Tool metrics are split into:

infra metrics (tool_latency_p95, tool_error_rate);
behavior metrics (repeated_tool_calls, tool_calls_per_run, unique_tools_per_run).

These metrics answer "how the tool layer behaves over time". Logs and tracing are still needed to explain one specific problematic run.

Retries usually happen at runtime level, not code level: the agent receives a tool error as observation and tries again. Retries are not just repeated calls, but a signal that the agent is trying to adapt to tool failures.

Typical Production Tool Metrics

Metric	What it shows	Why it matters
tool_calls_total	total number of tool calls	load control for the tool layer
tool_calls_per_run	how many tool calls happen in one run	detection of excessive or cyclic calls
unique_tools_per_run	how many distinct tools a run uses	workflow complexity assessment
tool_error_rate	share of failed tool calls	early detection of unstable tools
tool_latency_p50 / p95	typical and tail latency for tools	localization of slow dependencies
repeated_tool_calls	calls that repeat the same tool with the same args	detection of tool spam
tool_cost_per_run	estimated tool cost within one run	budget control and expensive-tool detection

To make metrics practical, they are usually segmented by tool, release, and when needed model.

Important: do not add high-cardinality fields (run_id, request_id, args_hash) to labels, or metric storage will overload quickly.

How To Read The Tool Layer

What is called -> how the agent behaves -> what changes over time.
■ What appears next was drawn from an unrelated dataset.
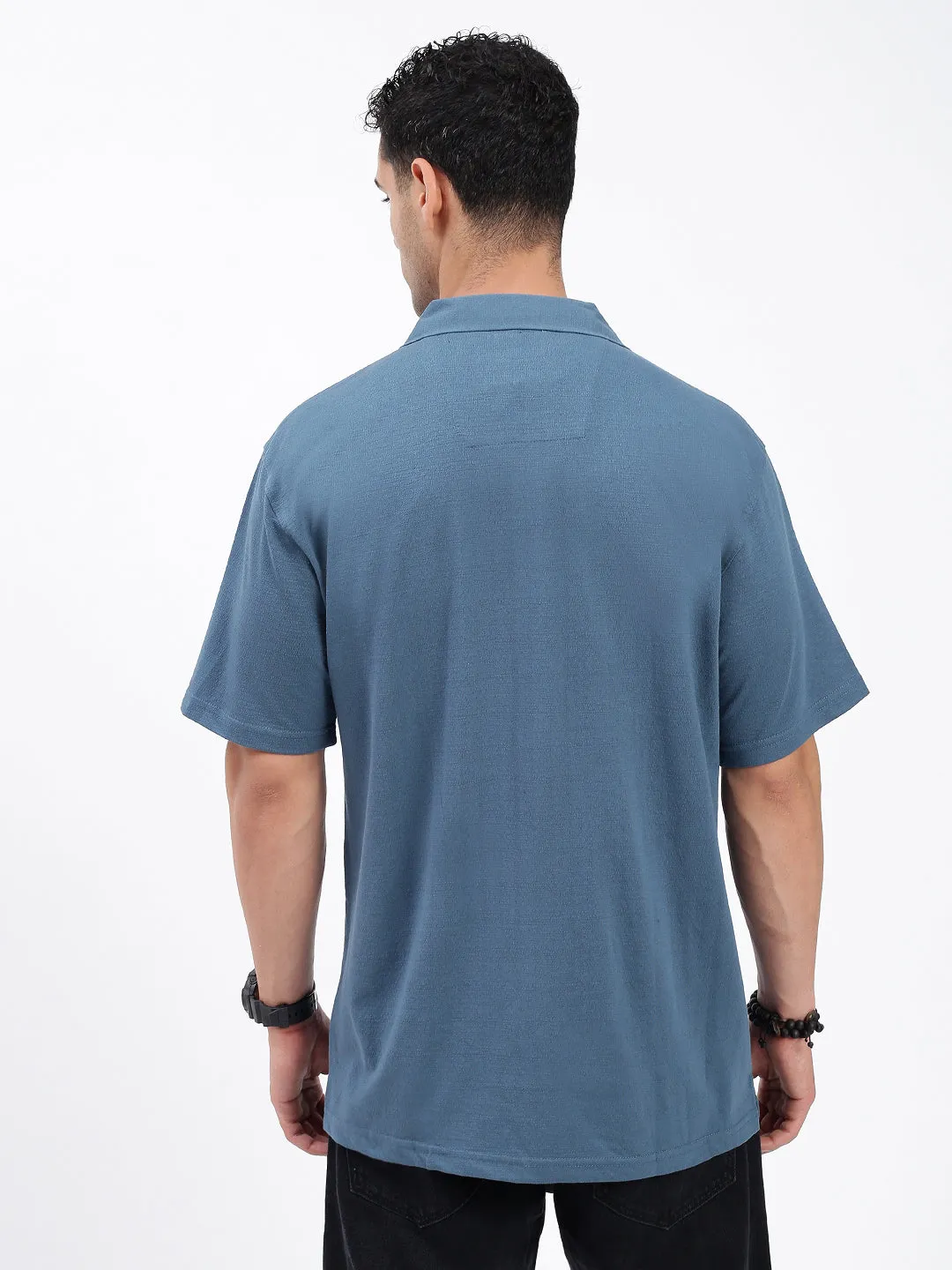 Men Solid Blue Relaxed Fit Shirt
These are three levels you should always read together.

Always focus on time trends and release-to-release differences, not one-off values.
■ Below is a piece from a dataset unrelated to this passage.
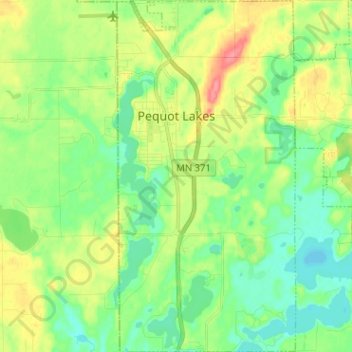 Pequot Lakes topographic map, elevation, terrain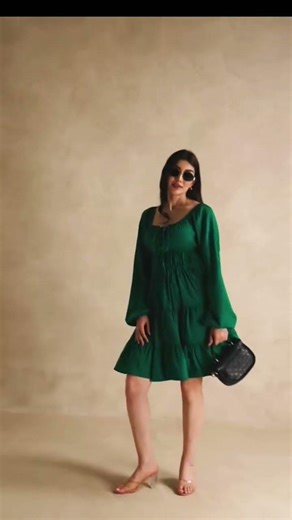 Emerald Green Summer Mini Dress | Aesthetic Date Night Outfit ☀️ #minioutfit #flowydress #basicstyle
Now look at signal combinations:

tool_error_rate ↑ + repeated_tool_calls ↑ -> tool is unstable, agent retries
tool_latency_p95 ↑ + tool_cost_per_run ↑ -> degradation in an expensive tool
tool_calls_per_run ↑ + unique_tools_per_run ↑ -> excessive workflow complexity

When To Use

A full set of tool metrics is not always required.

For a simple agent with 1-2 tools, sometimes tool_calls_total and tool_error_rate are enough.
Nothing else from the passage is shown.